*Input data*.
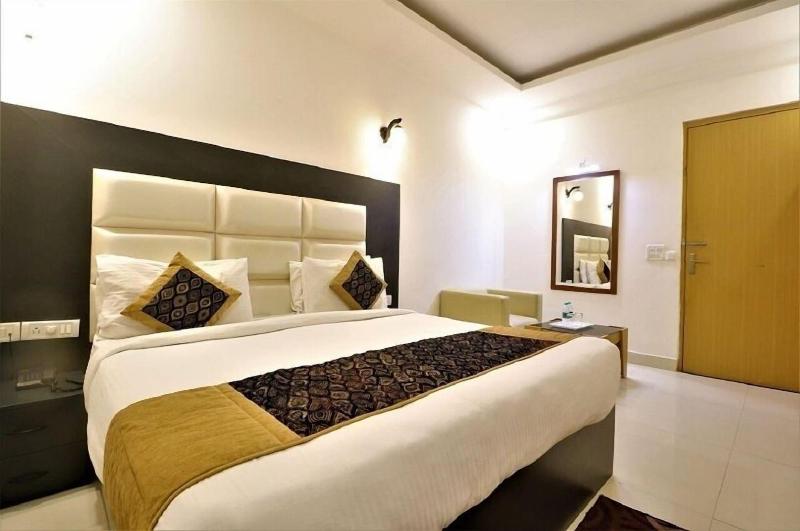 Hotel J Palace image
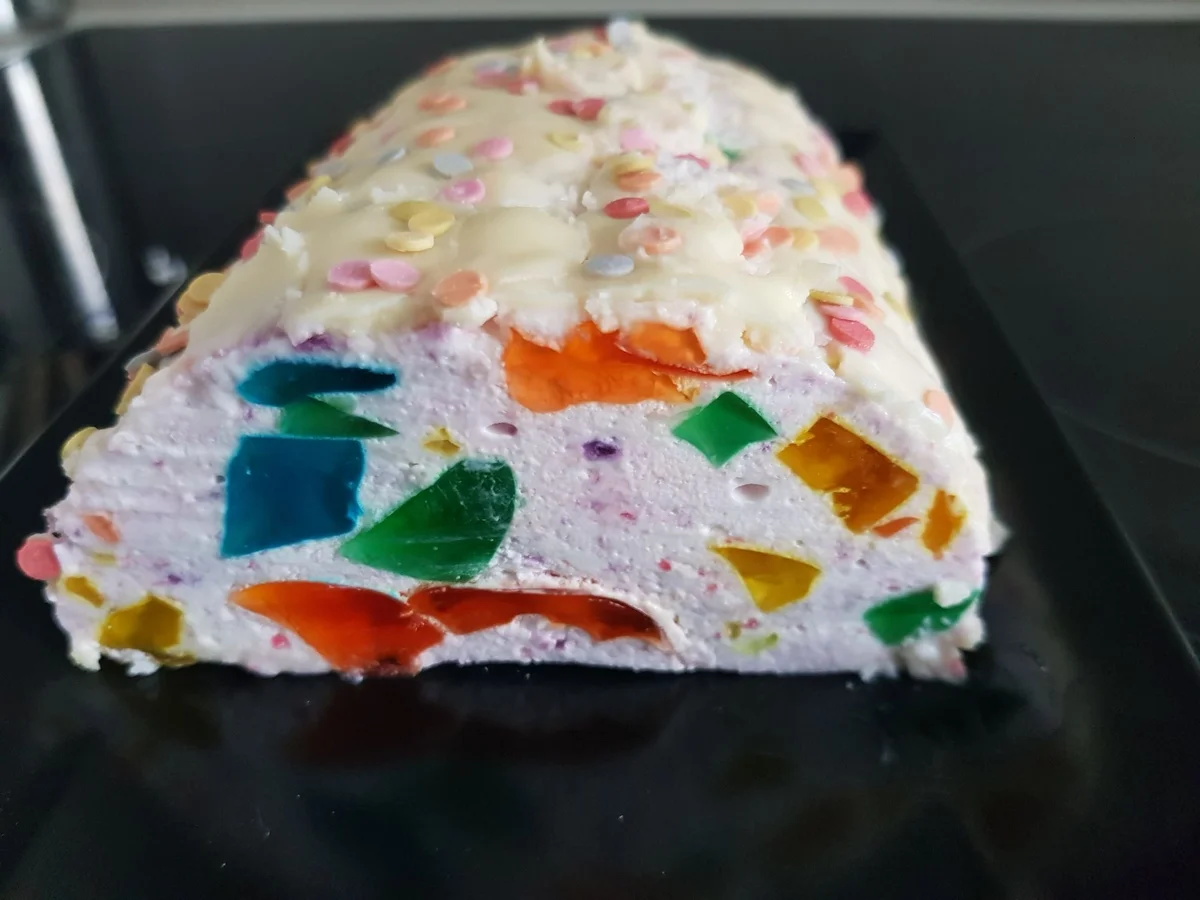 Quark-Mousse mit bunten Splittern und Nektarinen-Creme - Rezept - Bild Nr. 14512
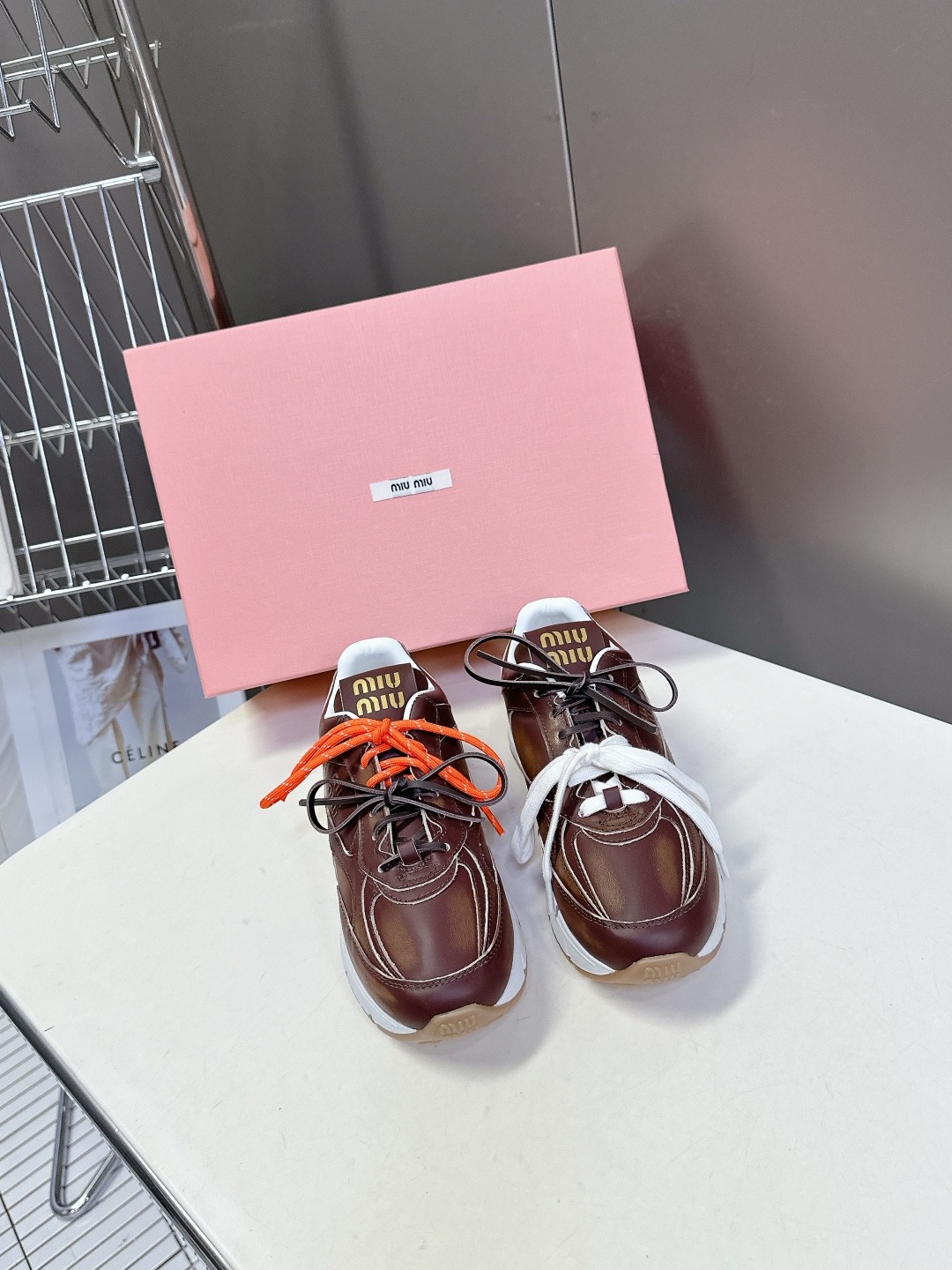 미우미우 최신 복고풍 운동화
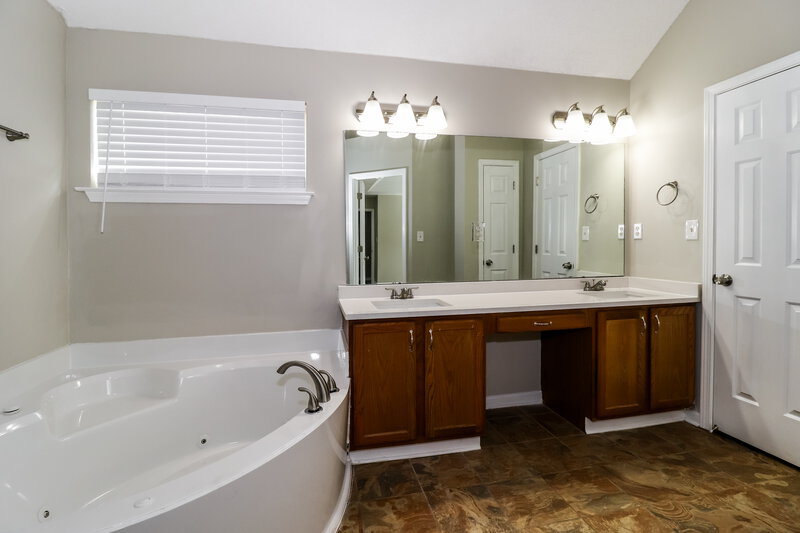 2,340/Mo, 5560 Mary Ln Arlington, TN 38002 Main Bathroom View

*What you should do*. Transcribe all the lines above exactly, apart from the pictures.

*The answer*.
 Hotel J Palace image
 Quark-Mousse mit bunten Splittern und Nektarinen-Creme - Rezept - Bild Nr. 14512
 미우미우 최신 복고풍 운동화
 2,340/Mo, 5560 Mary Ln Arlington, TN 38002 Main Bathroom View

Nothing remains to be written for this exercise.